Acórdão nº 938/09.0TXCBR.C1 de Court of Appeal of Coimbra (Portugal), 25 de Novembro de 2009

Magistrado ResponsávelPAULO GUERRA
Data da Resolução25 de Novembro de 2009
EmissorCourt of Appeal of Coimbra (Portugal)

I - RELATÓRIO 1.

No Processo Gracioso de Concessão de Liberdade Condicional n.º 938/09.0TXCBR do Tribunal de Execução de Penas de Coimbra, recorre o Ministério Público do despacho da Mmª Juíza, datado de 15 de Julho de 2009, que decidiu negar a apreciação da concessão da liberdade condicional ao arguido O,,,, porque, tendo o mesmo sido colocado, por despacho de 30/6/2009, em regime de permanência na habitação com vigilância electrónica, é legalmente inadmissível e impossível de cumprimento, em tal situação, a dita liberdade condicional.

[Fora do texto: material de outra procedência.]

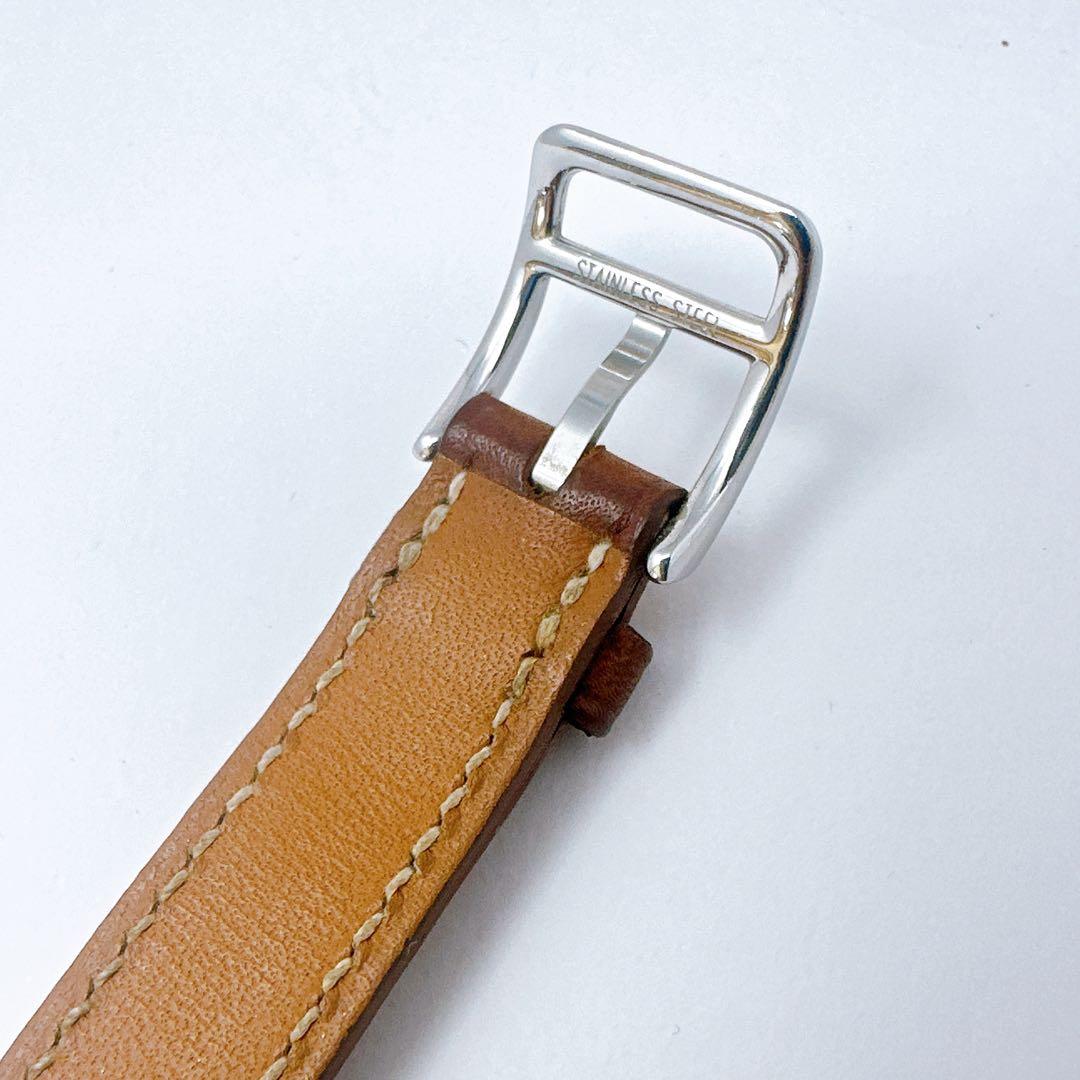 MT様へ　新品電池 HERMES エルメス 腕時計 タンデム 純正ベルト レザー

2. O Ministério Público, motivando o seu recurso, conclui (em transcrição): «1. Antes da última revisão do CP apenas a prisão carcerária podia ultrapassar os seis meses.

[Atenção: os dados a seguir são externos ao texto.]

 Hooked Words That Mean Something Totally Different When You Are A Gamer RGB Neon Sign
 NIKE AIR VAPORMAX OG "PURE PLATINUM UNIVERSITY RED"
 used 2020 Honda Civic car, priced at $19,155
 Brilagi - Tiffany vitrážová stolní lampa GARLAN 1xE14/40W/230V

  1. O regime de semi-detenção ou prisão por dias livres não podia ter duração superior a seis meses.

  2. Não existia a pena de prisão domiciliária, cuja duração máxima pode ser superior a seis meses.

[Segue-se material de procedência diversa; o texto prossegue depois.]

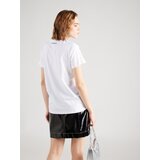 Karl Lagerfeld rhinestone logo t-shirt Bijela | shoptok.hr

  3. A todas as formas de cumprimento de pena de prisão com uma duração superior a seis meses, tem de se aplicar o instituto da liberdade condicional.

  4. Não se vê a razão de ser de distinguir as diversas formas de cumprimento da pena de prisão para se concluir que apenas à prisão carcerária se aplica o instituto da liberdade condicional.

  5. Não existe qualquer norma que limite o direito de um qualquer preso condenado a mais de 6 meses de cadeia, a ver apreciada a sua libertação condicional.

  6. Não pode ser discriminado um preso condenado a pena de prisão superior a 6 meses por se encontrar em regime de prisão domiciliária.

  7. Não é licito restringir direitos individuais senão perante norma expressa que claramente os restrinja.

  8. Havendo dúvidas interpretativas nunca se deve deixar prevalecer uma interpretação restritiva dos direitos, liberdades e garantias individuais.

  9. Aquilo que no espírito da lei releva é a privação drástica do bem jurídico que é a liberdade, não apenas que esta privação resulte da cadeia.

  10. Foram violadas as normas dos artigos 61° do Código Penal e 484° do Código do Processo Penal e bem assim a norma do n° 2 do artigo 18° da Constituição Politica.

    Termos em que, com os do douto suprimento de V.Exas., deve o presente recurso ser julgado procedente e o douto despacho recorrido revogado, ordenando-se a apreciação da libertação condicional do recluso, pois assim é de DIREITO e só assim se fará JUSTIÇA!» 2.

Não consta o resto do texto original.